Source Code and Commentary on Unix level 6, by John Lions. The two parts of
this book contained (1) the entire source listing of the Unix Version 6
kernel, and (2) a commentary on the source discussing the algorithms. These
were circulated internally at the University of New South Wales beginning
1976--77, and were, for years after, the only detailed kernel documentation
available to anyone outside Bell Labs. Because Western Electric wished to
maintain trade secret status on the kernel, the Lions Book was only
supposed to be distributed to affiliates of source licensees. In spite of
this, it soon spread by samizdat to a good many of the early Unix
hackers.
[1996 update: The Lions book lives again! It was put back in print as ISBN
1-57398-013-7 from Peer-To-Peer Communications, with forewords by Dennis
Ritchie and Ken Thompson. In a neat bit of reflexivity, the page before the
contents quotes this entry.]
[1998 update: John Lions's death was an occasion of general mourning in the
hacker community.]
The Free On-line Dictionary of Computing (30 December 2018):
Lions Book
"Source Code and Commentary on Unix level 6", by
John Lions.
The two parts of this book contained the entire source listing
of the Unix Version 6 kernel, and a commentary on the
source discussing the algorithms. These were circulated
internally at the University of New South Wales beginning
1976-77, and were, for years after, the *only* detailed kernel
documentation available to anyone outside Bell Labs.

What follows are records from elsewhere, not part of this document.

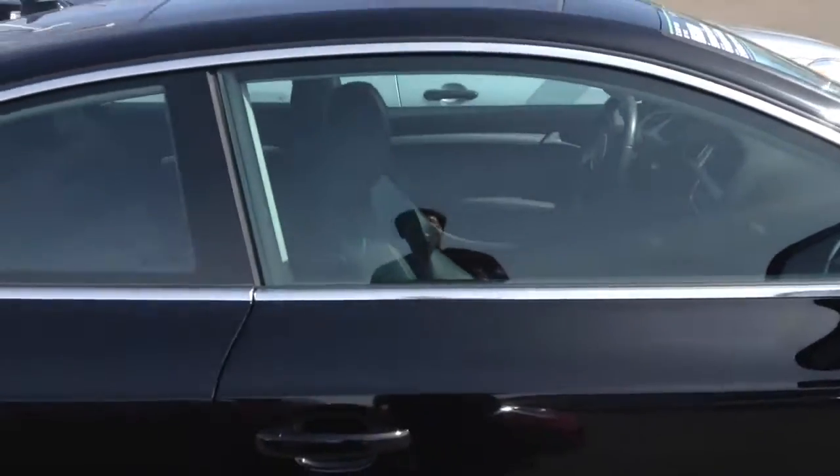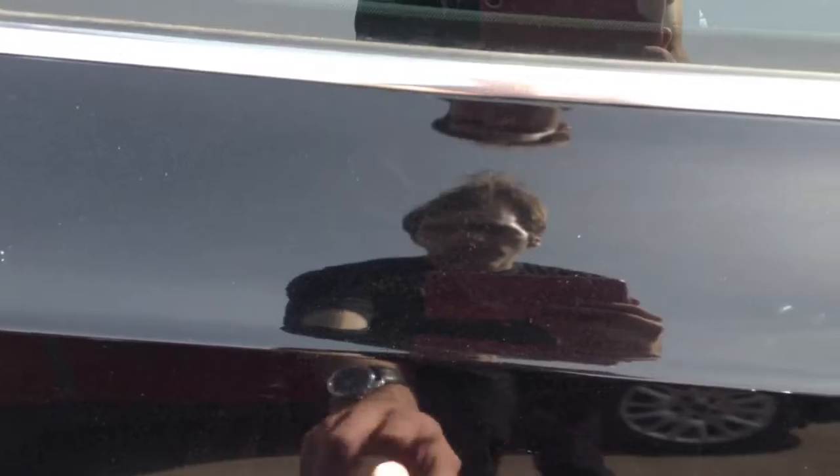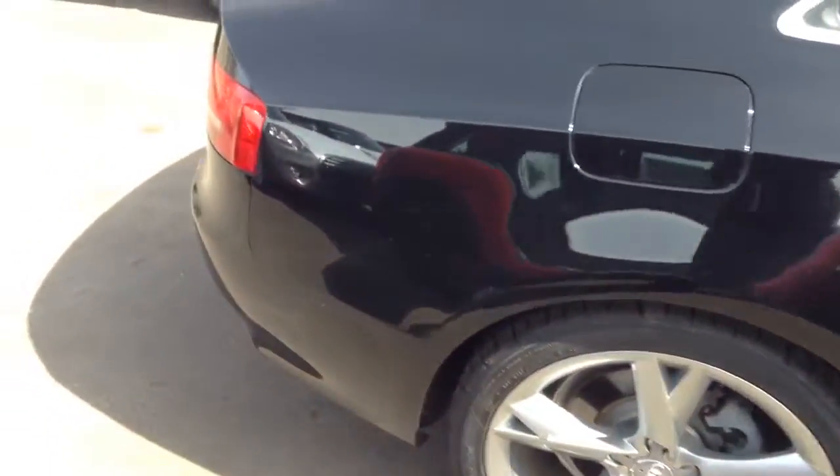Side panels look very good. There's a little tiny scuff right there and a little ding right there, but nothing major at all — typical for a pre-owned car.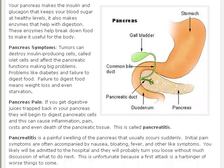Of course, you can get diabetes if your pancreas is not operating properly, but there's also a thing called pancreatitis — a very painful swelling and inflammation that usually occurs suddenly. It's when digestive juices get back into the pancreas, and like so many things today, it's caused by modern diet more than anything else.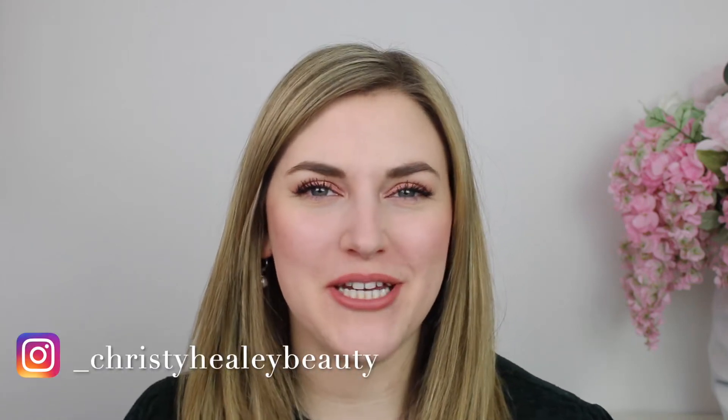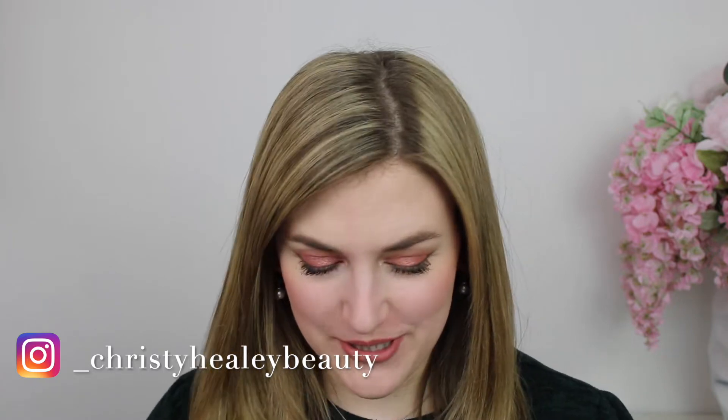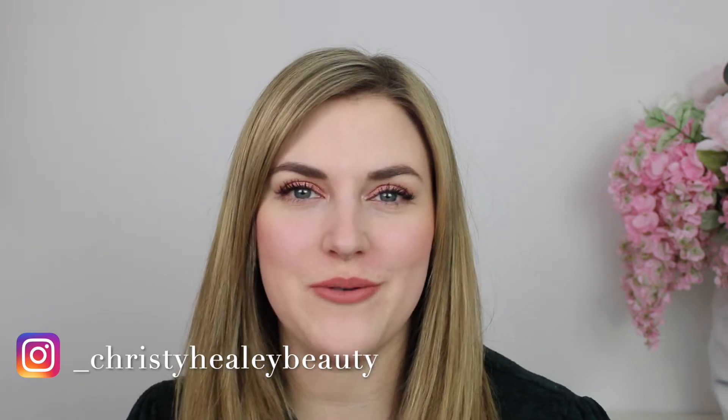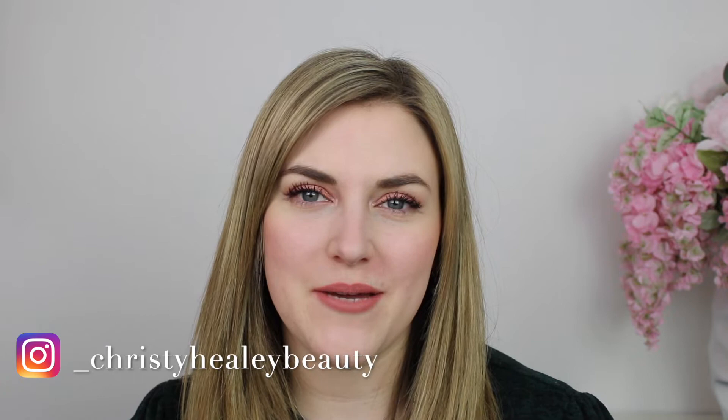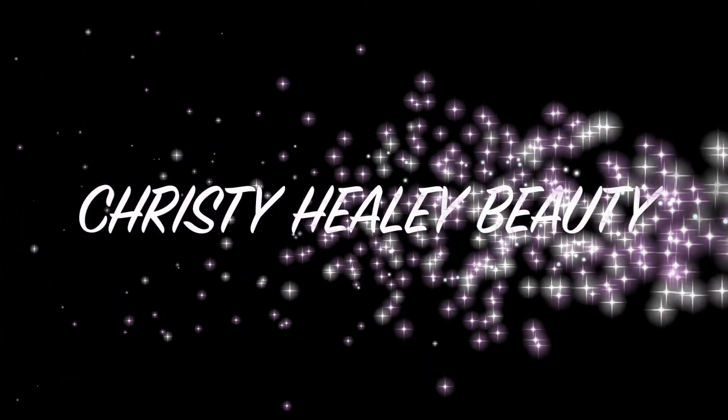Hey guys, it's Christy and welcome back to my channel. Thank you so much for joining me today. I am super excited because we're gonna be doing my monthly project pan update. Before we get into it, I hope you'll consider subscribing to my channel, give this video a thumbs up if you enjoy, and let's get into it.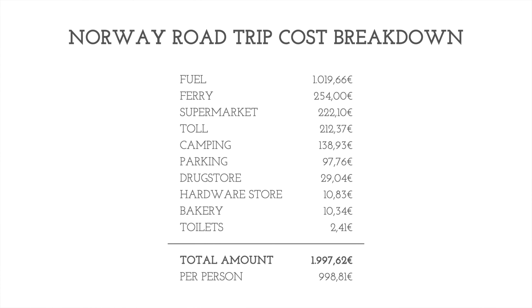Now the final calculation: in total we spent €1,997.62. I'm very surprised — the trip was way less expensive than I initially expected. I thought we'd pay around €1,500 to €2,000 or even more per person, but we actually came in under the magical €1,000 mark per person.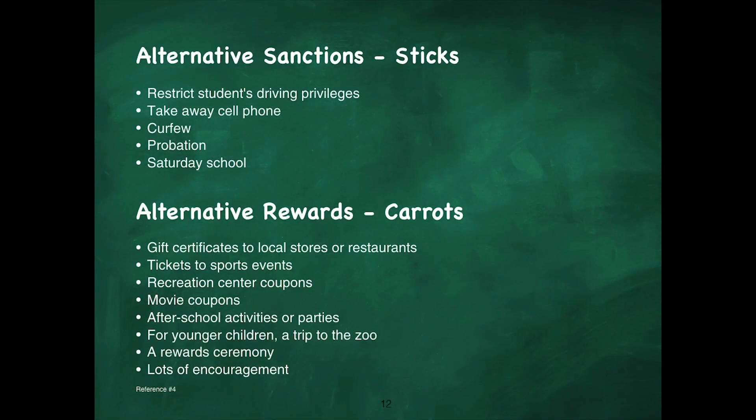Other options include consequences — both positive and negative. Alternative sanctions include restricting students' driving privileges, taking away cell phones, enforcing curfews, probation, and Saturday school. Alternative rewards — carrots — include gift certificates to local stores or restaurants, tickets to sporting events, recreation center coupons, movie coupons, after-school activities or parties, a trip to the zoo for younger children, a reward ceremony, and lots of encouragement.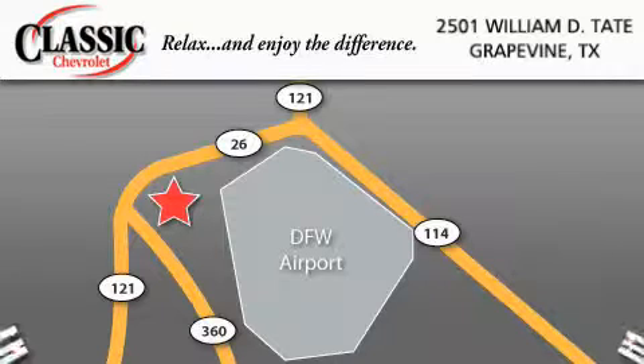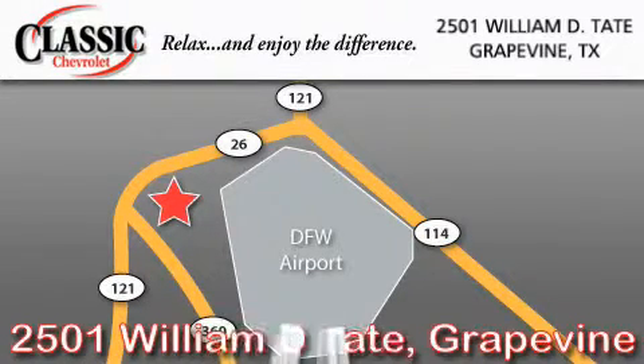Classic Chevrolet is located at 2501 William D. Tate in Grapevine. Our goal is to exceed all of your expectations to ensure that you'll return for future visits.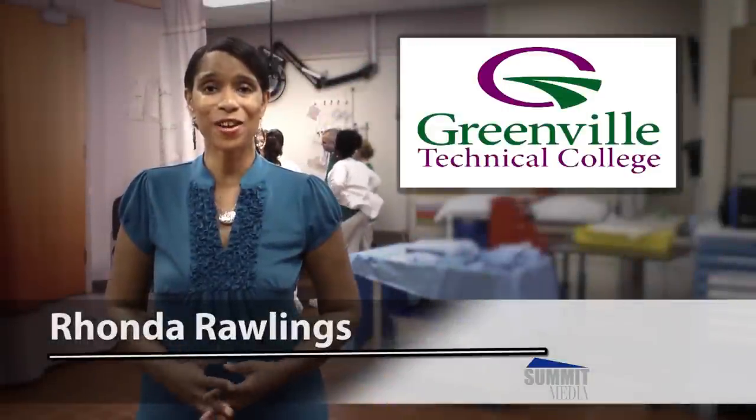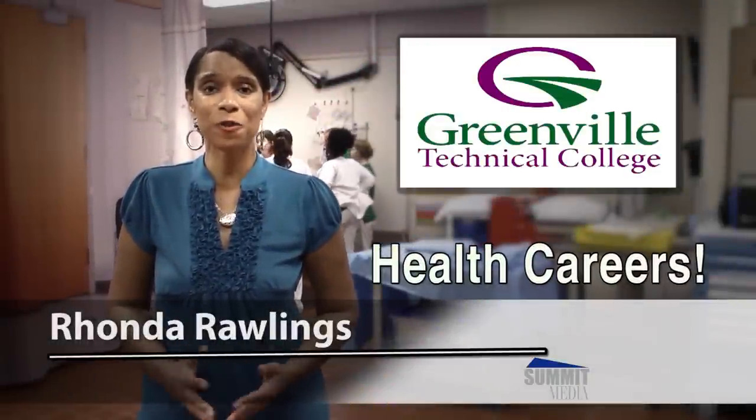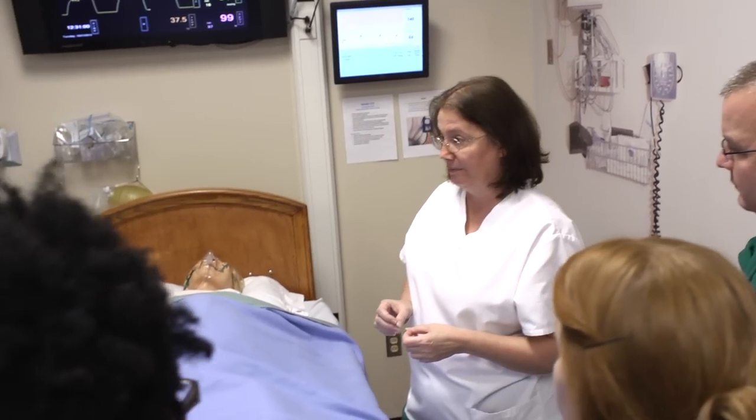Greenville Technical College is the hiring source for a variety of health professionals, thanks to a strong balance of classroom instruction and hands-on practice.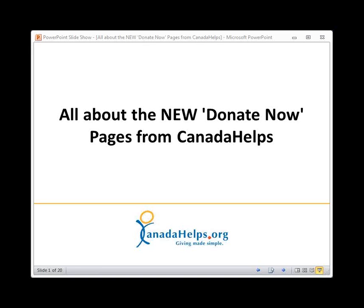Hi everyone, good afternoon. Thank you for joining us today for a very exciting webinar called All About the New Donate Now Pages from Canada Helps. My name is Amy and I'm the Marketing and Communications Coordinator here at Canada Helps, and I'm very excited to take you through this presentation today and preview the new pages for all you great charities that use Canada Helps.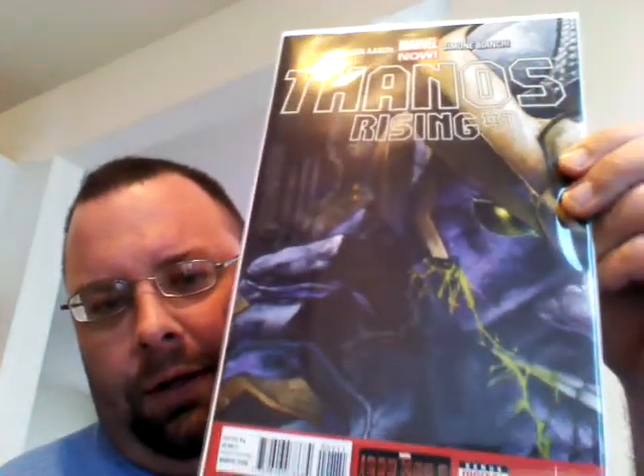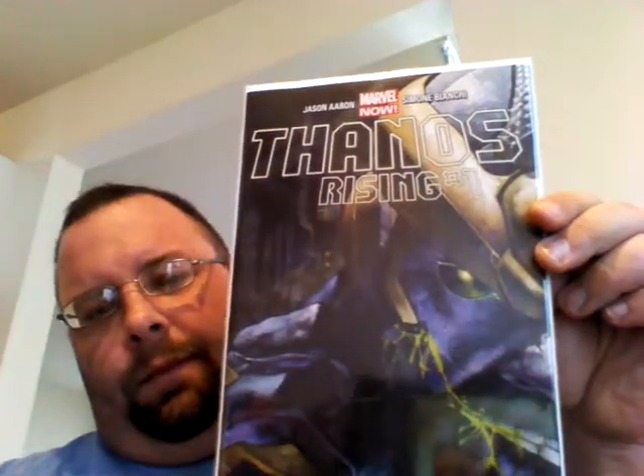Picked up today — new book just came out today: Thanos Rising number one. I think it's supposed to be like a six-issue mini series or something like that. I read it. The artwork's cool, I'm liking the story so far. It's pretty cool because it's an origin story of Thanos, so it's pretty neat. I like the artwork, definitely like the book. I'd like to see where the series goes. Check it out — definitely if you haven't picked it up, I recommend it.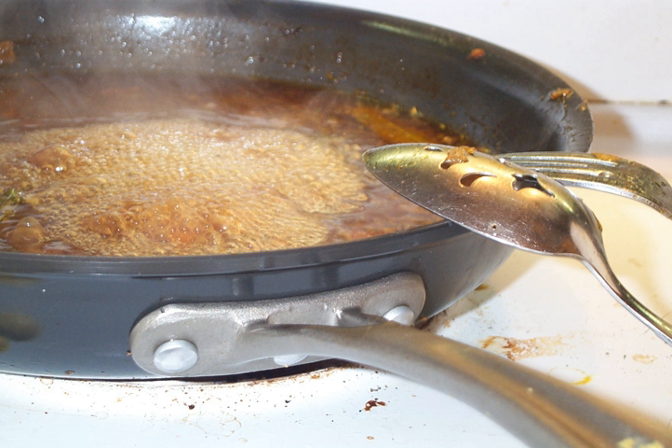While reduction does concentrate the flavors left in the pan, reducing too much will drive away all liquid in the sauce, leaving a sticky, burnt coating on the pan.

Because Western Electric wished to maintain trade secret
status on the kernel, the Lions book was never formally
published and was only supposed to be distributed to
affiliates of source licensees (it is still possible to get a
Bell Labs reprint of the book by sending a copy of a V6 source
licence to the right person at Bellcore, but *real* insiders
have the UNSW edition). In spite of this, it soon spread by
samizdat to a good many of the early Unix hackers.
(http://peer-to-peer.com/catalog/history/lions.html).
In 1996 it was reprinted as a "classic":
[John Lions, "Lions' Comentary on UNIX 6th Edition with Source
Code", Computer Classics Revisited Series, Peer-to-Peer
Communications, 1996, ISBN 1-57398-013-7].